Hacker Newsnew | past | comments | ask | show | jobs | submitlogin
Human-like neural network chess engine trained on lichess games (maiachess.com)
158 points by unlog on Jan 17, 2021 | hide | past | favorite | 68 comments


This bot is a pure joy to play against! For a 1560 rated bot:

    1. It brings out the queen early attacking the f7 pawn when black plays sicilian.
    2. So far has gone king's indian almost every time against d4 (e.g. catalan) and then has failed to challenge the center, instead going for a king side attack (exchanging bishop for knight to try to open the B file.
    3. It sometimes drops its queen in complex exchanges and hidden attacks.
    4. It sometimes drops pieces in complex exchanges (can't count how many pieces are covering a square).

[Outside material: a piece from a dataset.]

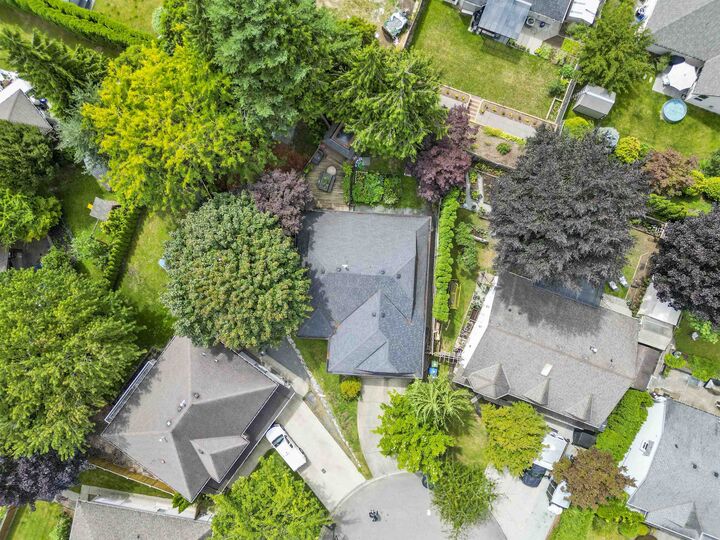 Property Photo: 2655 Chapman Place BC V2S 7J2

    5. It will exploit mistakes that *I can see*, unlike stockfish level 7+ where it will take you down an insane convoluted path to get you into such a bind to destroy your position (I've played GMs who ?can't?/don't do in this blitz).
    6. Its attacks are shallow and lack depth, easily defended.
    7. It sometimes moves a single piece too many times when it should be trying to advance its positional game (e.g. queen/knight), basically has very little positional play.
    8. It sometimes pushes pawns aggresively to its detriment.
    9. Won't resign in losing positions (*lol*).
       a. Will play to the bitter end to try to get you to stalemate.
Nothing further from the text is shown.